Doug Sheridan concludes…
“ However, barring a series of dramatic technological breakthroughs, the costs are beyond prohibitive. It’s high time to put a stop to the wishful thinking on Net Zero.”
Prof Michael Kelly writes in the Telegraph, in a Net Zero world, what will we do when the wind isn’t blowing? Environmentalists like to point out we will have solar power as well, but the sun doesn’t shine at night, so windless nights are a big problem.
It's suggested we can store electricity. But in winter we frequently get long wind lulls, and with the sun low in the sky, there will be little or no solar power either. These so-called “dunkelflautes” mean little or no electricity supply from the renewables fleet.
A dunkelflaute can last for weeks. That means you need huge, unfeasible quantities of electricity storage. The Royal Society recently concluded we’d need enough to cover more than two months’ demand, and, whatever storage technology is adopted, this isn’t going to be affordable or probably even possible.
The Royal Society’s numbers suggest we’d need to deliver equivalent one mega infrastructure project at its original cost every year, forever. Using assumptions grounded in the technologies and costs prevalent today, we’d need six months’ storage, and would have to finance and build five mega projects per year.
One of the wheezes dreamt up by the greens to make the costs look a bit smaller is to assume we will get a significant proportion of our electricity from interconnections. However, as with so much of the energy transition, there is a lot of wishful thinking going on.
First, it ignores that electricity delivered by interconnector might not be zero-emission. In fact, it might be that electricity is available and affordable precisely because it's generated by coal plants out of sight. Countries that need energy when they need it won't care what color the electrons are.
Second, it is assumed the interconnected grid will have power to spare for a needy state or nation. This is simply not the case. If it is midnight in the UK, it is dark across the whole of Europe. If it is two AM in New York it is midnight in Los Angeles, so nobody is going to be generating any solar power.

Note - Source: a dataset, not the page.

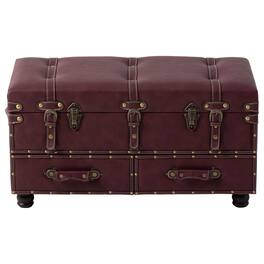 COZAYH - Vintage Storage Bench, Upholstered Wooden Ottoman Bed Chest Box, Magenta - Dark Magenta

And wind speeds are highly correlated across any continent.
Even if the continent is windy when it’s calm in the UK, or if it’s windy in Texas when it’s calm in California, the ability to send power where it’s needed depends on there being surplus generating capacity in the precise place where the wind is blowing. This means we'd have to overbuild in every windy location.
To Sum It Up: The problem of what to do when the wind isn’t blowing and the sun isn’t shining is all but insurmountable. In technological terms, the only feasible solution is a vast fleet of windfarms and a gigantic store of green hydrogen, along the lines envisaged by the Royal Society.
However, barring a series of dramatic technological breakthroughs, the costs are beyond prohibitive. It’s high time to put a stop to the wishful thinking on Net Zero.